What this task involves: With the pictures set aside, write out all of the data exactly as it stands.
─── Source data
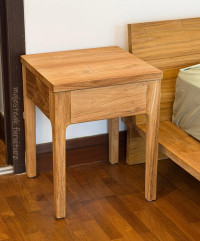Novel Nightstand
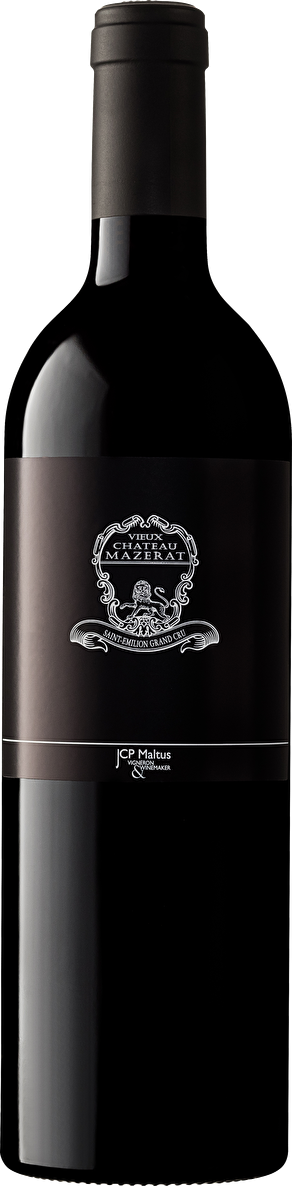 Vieux Château Mazérat Vieux Château Mazérat Grand Cru 2020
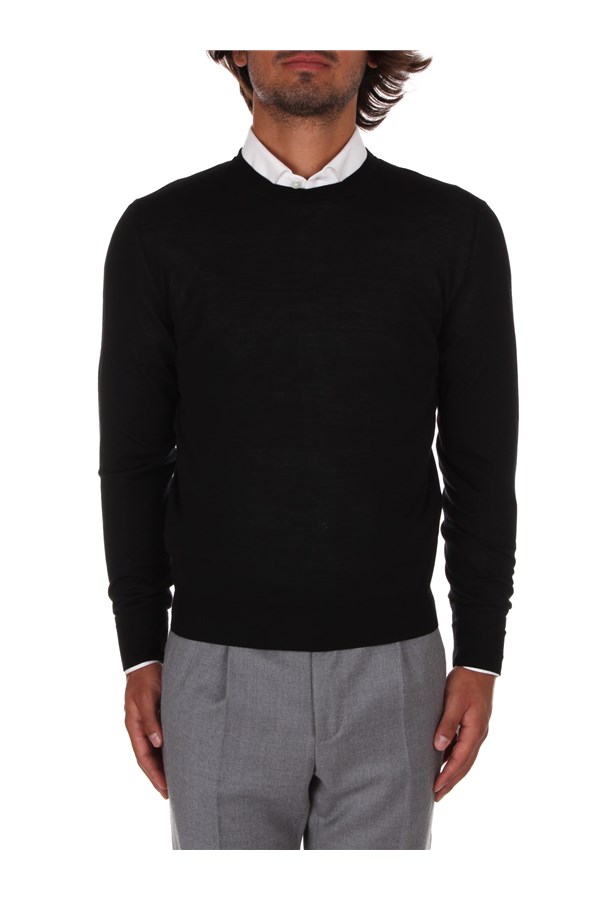 Drumohr Knitwear Crewneck sweaters Man D0D103 690 0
──────
Answer for this exercise:
Novel Nightstand
 Vieux Château Mazérat Vieux Château Mazérat Grand Cru 2020
 Drumohr Knitwear Crewneck sweaters Man D0D103 690 0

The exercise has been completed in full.